A single incident of counterfeit drugs may affect tens of thousands of people, such as the counterfeiting and recall last year of the popular cholesterol drug Lipitor (200,000 bottles)and the injection of the expensive anemia drug Procrit into an estimated25,000 high-risk people. Recently, federal drug and customs officials seized 2,000 packages of foreign versions of American pharmaceuticals imported from Canada. Nearly all of them, officials said, might not be safe.
How does this happen? Usually, pharmaceuticals in the United States travel a direct path from manufacturer to authorized wholesaler to pharmacy. But this is not always the case. Sometimes, the drugs travel a circuitous path from manufacturer through multiple middlemen to a pharmacy.
In February 2003, a Florida grand jury stated that “an alarming percentage of the drugs flowing through the wholesale market have been illegally acquired. That is, they have been stolen from shipments, pharmacies, clinics, and hospitals; purchased on the black market from recipients and health care professionals who are defrauding insurance companies or Medicaid with bogus prescriptions; or illegally imported from overseas.”
Because drugs can be purchased for less on this secondary market, filled with thousands of smaller, unauthorized dealers selling goods of sometimes dubious quality, larger wholesalers may buy them to save money. Essentially, these middlemen, unseen by the public, are playing Russian roulette with the health, safety and well-being of the public by gambling that the drugs they purchased on this secondary market are legitimate. The drugs are then sold to your pharmacy. In effect, there are some who are gambling without lives by engaging in willful blindness to the counterfeiting activity for the sake of profit. By doing so, they enable counterfeiters to thrive.

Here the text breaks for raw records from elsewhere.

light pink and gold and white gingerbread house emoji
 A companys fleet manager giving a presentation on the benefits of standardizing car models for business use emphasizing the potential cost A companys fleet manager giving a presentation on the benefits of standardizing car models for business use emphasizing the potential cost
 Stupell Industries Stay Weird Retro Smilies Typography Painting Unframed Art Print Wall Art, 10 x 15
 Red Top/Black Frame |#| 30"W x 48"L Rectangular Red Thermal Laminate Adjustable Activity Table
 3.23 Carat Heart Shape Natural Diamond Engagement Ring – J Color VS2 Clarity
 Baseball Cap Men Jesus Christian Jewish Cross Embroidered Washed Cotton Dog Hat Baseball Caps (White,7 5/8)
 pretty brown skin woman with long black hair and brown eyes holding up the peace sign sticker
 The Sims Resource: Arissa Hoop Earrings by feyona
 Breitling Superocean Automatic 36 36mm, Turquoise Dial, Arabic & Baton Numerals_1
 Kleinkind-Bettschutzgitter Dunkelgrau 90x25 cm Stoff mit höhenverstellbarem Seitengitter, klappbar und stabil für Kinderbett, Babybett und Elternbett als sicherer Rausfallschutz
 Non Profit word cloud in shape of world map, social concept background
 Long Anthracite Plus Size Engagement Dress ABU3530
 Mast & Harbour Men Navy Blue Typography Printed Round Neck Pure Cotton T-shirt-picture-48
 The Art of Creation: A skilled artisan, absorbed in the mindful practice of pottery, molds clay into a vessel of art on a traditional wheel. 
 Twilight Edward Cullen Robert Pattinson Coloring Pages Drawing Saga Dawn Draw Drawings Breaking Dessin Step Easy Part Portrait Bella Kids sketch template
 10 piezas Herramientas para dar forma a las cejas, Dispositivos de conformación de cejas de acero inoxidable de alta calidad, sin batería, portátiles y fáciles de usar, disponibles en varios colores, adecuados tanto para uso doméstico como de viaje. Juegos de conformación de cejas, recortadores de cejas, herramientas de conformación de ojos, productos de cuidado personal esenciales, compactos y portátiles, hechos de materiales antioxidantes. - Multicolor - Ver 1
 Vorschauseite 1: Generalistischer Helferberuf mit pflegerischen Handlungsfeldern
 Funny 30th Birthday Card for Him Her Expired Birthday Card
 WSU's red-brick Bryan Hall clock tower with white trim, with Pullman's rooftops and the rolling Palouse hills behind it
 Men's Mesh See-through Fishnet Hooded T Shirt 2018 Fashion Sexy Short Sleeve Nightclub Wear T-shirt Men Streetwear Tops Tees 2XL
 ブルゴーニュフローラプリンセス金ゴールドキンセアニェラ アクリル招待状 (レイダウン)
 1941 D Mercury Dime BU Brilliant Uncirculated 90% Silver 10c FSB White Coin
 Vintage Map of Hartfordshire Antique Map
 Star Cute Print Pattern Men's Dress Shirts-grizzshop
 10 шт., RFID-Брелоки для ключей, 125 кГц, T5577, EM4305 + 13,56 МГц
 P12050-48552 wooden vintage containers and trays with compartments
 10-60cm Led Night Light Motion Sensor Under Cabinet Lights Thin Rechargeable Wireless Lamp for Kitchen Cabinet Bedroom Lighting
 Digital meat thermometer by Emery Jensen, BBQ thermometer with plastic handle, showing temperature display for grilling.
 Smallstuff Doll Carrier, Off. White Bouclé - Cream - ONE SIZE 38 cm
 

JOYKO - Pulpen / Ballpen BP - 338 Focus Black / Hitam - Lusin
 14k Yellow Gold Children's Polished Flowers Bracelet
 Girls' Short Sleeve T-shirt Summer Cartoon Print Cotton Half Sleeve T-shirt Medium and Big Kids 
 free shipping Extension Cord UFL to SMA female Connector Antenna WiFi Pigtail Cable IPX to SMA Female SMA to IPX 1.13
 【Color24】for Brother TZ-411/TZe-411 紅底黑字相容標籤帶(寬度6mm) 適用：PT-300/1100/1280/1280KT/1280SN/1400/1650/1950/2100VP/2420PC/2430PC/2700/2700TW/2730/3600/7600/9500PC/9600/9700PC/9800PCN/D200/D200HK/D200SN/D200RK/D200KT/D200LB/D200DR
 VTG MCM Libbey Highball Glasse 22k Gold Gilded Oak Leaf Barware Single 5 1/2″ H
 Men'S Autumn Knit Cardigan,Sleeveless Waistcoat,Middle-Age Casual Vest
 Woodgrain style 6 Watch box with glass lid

Timothy Fagan, now an Iona College freshman, is symbolic of this badly flawed distribution system. Tim had an emergency liver transplant in February 2002. Afterwards, he was prescribed weekly injections of Apogent, a costly anemia drug. For two months, Tim was injected with a counterfeit version. He received his drugs from a division of a large, reputable pharmacy chain. The pharmacy received the counterfeits from the largest drug wholesaler in the country. The counterfeits he was injected with apparently had their original labels stripped off and were re-labeled. Tim could not possibly have discovered the counterfeits on his own. In addition to painful side effects, he remained anemic.
If the largest drug companies in the country cannot, or will not, control the vulnerabilities of the U.S. drug distribution chain because it’s cheaper to buy from the gray market, how are local governments to oversee Canada’s distribution chain, which itself imports drugs from many other countries? If our local governments dabble in outside drugs, we exponentially increase the risks of bogus drugs flowing in and causing injury or death. We also expose local government, and therefore taxpayers, to liability for facilitating the introduction of the bad drugs and the damage they cause.
Many local governments are grappling with how to make medications more affordable. While the goal may be laudable, and the remedy suggested may, in fact, decrease the cost, it comes at a steep and unappreciated price: Neither the consumer nor the local government will know where the drugs originated or the hands they passed through. Do local officials really want to further openour medicine chests to suspect medications?